Keloids – Causes, Symptoms & Treatment

March 27 01:00 2019 Print This Article

A keloid is a special type of scar which results in an overgrowth of tissue at the site of a healed skin injury. Keloids are firm, rubbery lesions or shiny, fibrous nodules and can vary from pink to flesh-colored or red to dark brown in color. A keloid, sometimes referred to as a keloid scar, is a tough heaped-up scar that rises quite abruptly above the rest of the skin. It is irregularly shaped and tends to enlarge progressively. Keloids usually result from skin injury or burns. Pimples, insect bites, scratching, chickenpox scarring etc. may also cause keloids. They may also be caused by infection at a wound site, repeated trauma to an area, excessive skin tension during wound closure or a foreign body in a wound. They can occur at the site of a piercing and have been found on the earlobes, eyebrows, chest and other sites of piercing. Keloids commonly occur on the shoulders, chest, arms and upper back even when there has been no apparent injury. However, they can appear almost anywhere.

A keloid may extend beyond the site of injury. Keloids respond poorly to therapy, but monthly injections of corticosteroids may flatten them somewhat. A doctor may try surgical or laser removal followed by corticosteroid injections, but new keloids often form in the scar resulting from the treatment.

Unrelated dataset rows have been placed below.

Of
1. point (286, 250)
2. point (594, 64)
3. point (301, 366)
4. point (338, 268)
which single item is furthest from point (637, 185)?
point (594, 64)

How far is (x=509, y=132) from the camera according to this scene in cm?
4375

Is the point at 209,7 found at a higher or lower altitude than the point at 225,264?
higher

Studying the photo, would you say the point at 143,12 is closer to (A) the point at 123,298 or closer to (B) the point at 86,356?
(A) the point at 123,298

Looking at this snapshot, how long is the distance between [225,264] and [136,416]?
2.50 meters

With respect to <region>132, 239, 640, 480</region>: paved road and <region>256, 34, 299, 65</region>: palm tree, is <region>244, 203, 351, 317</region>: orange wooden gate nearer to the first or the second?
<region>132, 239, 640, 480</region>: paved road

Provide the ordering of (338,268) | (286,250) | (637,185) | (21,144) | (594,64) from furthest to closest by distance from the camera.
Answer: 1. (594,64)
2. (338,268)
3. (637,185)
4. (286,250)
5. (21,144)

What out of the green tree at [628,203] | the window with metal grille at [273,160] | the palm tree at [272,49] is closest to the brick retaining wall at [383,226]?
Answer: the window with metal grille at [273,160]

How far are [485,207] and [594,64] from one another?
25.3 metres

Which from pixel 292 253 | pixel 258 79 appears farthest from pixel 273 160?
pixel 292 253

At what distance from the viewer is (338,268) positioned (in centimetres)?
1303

Keloids can be considered to be ” scars that don’t know when to stop.” When the skin is injured, cells grow back to fill in the gap. Somehow, they normally “know” when the scar tissue is level with the skin, at which point the cells stop multiplying. When the cells keep on reproducing, the result is a what is called a overgrown (hypertrophic) scar or a keloid. In other words, keloids are due to an excessive response to trauma such as a cut to the skin. In creating a normal scar, connective tissue in the skin is repaired by the formation of collagen. This occurs in the dermis (the layer of skin just below the epidermis, the outer layer of skin). Keloids arise when there is too much collagen formed in the dermis during the repair of connective tissue. To develop keloids, a person must be susceptible to keloid formation.

Causes of Keloids

The cause of keloids is unknown. A keloid can be caused by injury to the skin, such as a burn, insect bite, acne, cut, body piercing, or a surgical incision. Scar tissue normally grows in response to a wound, but a keloid is an overgrowth of scar tissue over a healed wound. Some people have a genetic tendency to develop keloids.

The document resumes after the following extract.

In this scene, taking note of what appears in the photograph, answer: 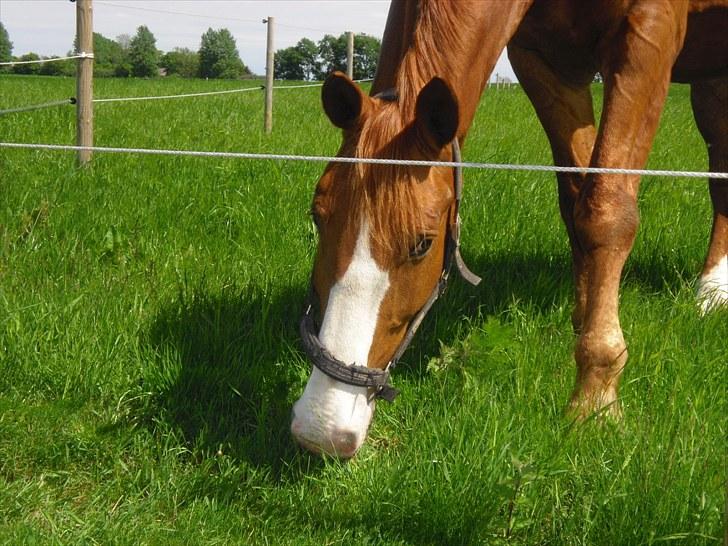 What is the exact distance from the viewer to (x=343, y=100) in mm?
2268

Find common causes and risk factors of Keloids:

  • Exposure to the sun, is also responsible in the formation of keloid.
  • Keloids are most common amoung people of ages 10 to 30 years
  • A deficiency or an excess in melanocyte hormone (MSH), decreased percentages of mature collagen and increased soluble collagen, are among the main causes of keloid.
  • If someone in your family has keloids then you are at increased risk of get affected by it.
  • Keloids may occur from various skin injuries as surgical incisions, traumatic wounds, vaccination sites, burns, chickenpox.

Signs and Symptoms of Keloids

Sign and symptoms may include the following:

  • Flesh-colored, red, or pink
  • Nodular shaped or ridged.
  • Tenderness or itching.
  • Located at the site of healing wound or injury.

Treatment for Keloids

Treatment may include:

  • There is no satisfactory treatment for keloids.
  • Radiation treatments may reduce scar formation if they are used soon after a surgery, during the time a surgical wound is healing.
  • The steroid or cortisone injections are useful in the removal of various scars over the affected area.
  • Long-term compression of keloids with pressure bandages can help soften them.
  • A new treatment for keloids is to apply a silicone gel preparation over the keloid scar for 12-24 hours each day. This treatment is started three to four weeks after the wound or injury.
  • The treatment of keloids with liquid nitrogen is very beneficial for fast recovery.